NumericalFunction supports GPU execution via Metal (macOS) and CUDA (Linux). The Python and C++ interfaces are identical to CPU -- GPU dispatch is fully encapsulated.

Usage

Pass the device parameter when creating a NumericalFunction:

import anvil as av

# Metal (macOS)
fn_metal = av.NumericalFunction(
    "my_fn", lambda x: x.square(),
    (av.Arg(1024, dtype=av.dtypes.float32),),
    device="METAL",
)

# CUDA
fn_cuda = av.NumericalFunction(
    "my_fn", lambda x: x.square(),
    (av.Arg(1024),),
    device="CUDA",
)

Calling and code generation work exactly the same as CPU:

import numpy as np
result = fn_metal(np.random.randn(1024).astype(np.float32))

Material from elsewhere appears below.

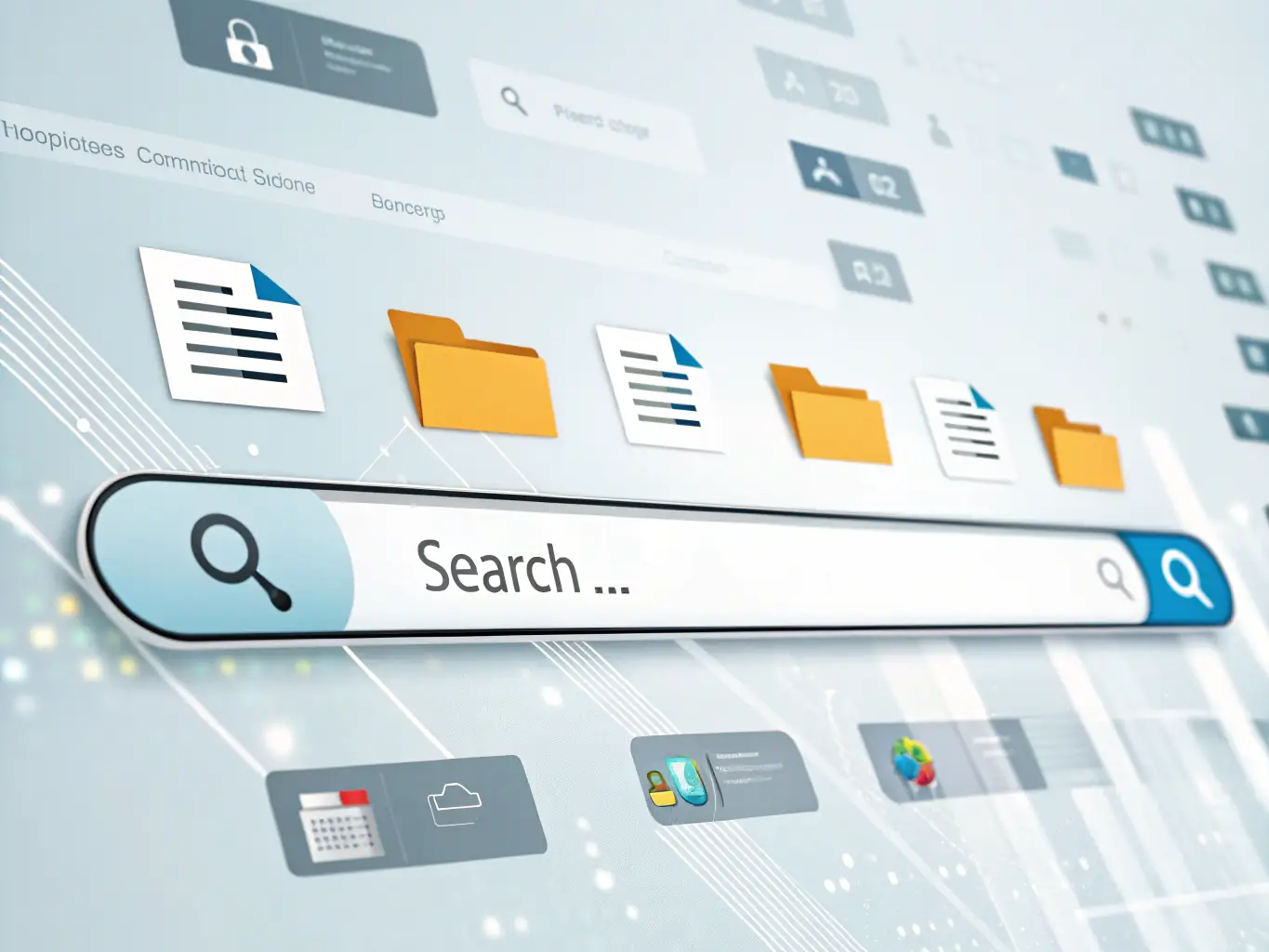 A dynamic search bar in Arhivator Pro's interface, showcasing the platform's ability to quickly locate specific documents. The image should highlight the speed and accuracy of the search function.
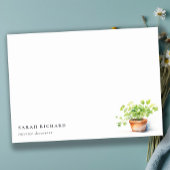 鉢付きハーブパセリーコリアンダー水彩植物学 ノートカード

av.generate_module("gpu_module", [fn_metal])

Device constraints

Metal

  • float32 only: Metal does not support float64. All Arg inputs and captured constants must use dtypes.float32.
  • macOS only, requires Metal framework.

CUDA

  • Supports both float32 and float64.
  • Requires CUDA toolkit 12.0+ with nvcc and nvrtc.
  • Architecture is auto-detected via nvidia-smi, falling back to sm_80.

Generated code

For GPU targets, generate_module produces a single .hpp file (instead of .hpp + .cpp) containing:

  • GPU kernel source embedded as C++ raw string literals
  • Host-side code for runtime kernel compilation (Metal newLibraryWithSource: / NVRTC)
  • Buffer allocation on GPU and host-GPU data transfers
  • The same init_ws() / call() interface as CPU

The call() function handles:

  1. Copy inputs from host to GPU
  2. Dispatch kernels
  3. Synchronize
  4. Copy outputs from GPU to host

Known limitations

  • SQP with GPU: Not yet supported. The SQP loop runs on CPU; GPU NumericalFunction dependencies within SQP are planned.
  • One GPU backend per module: All functions in a single module must use the same device. Mixed Metal + CUDA is not supported.
  • Captured constants on Metal: Must be float32. The dtype validation only checks Arg inputs, not captured Tensor constants.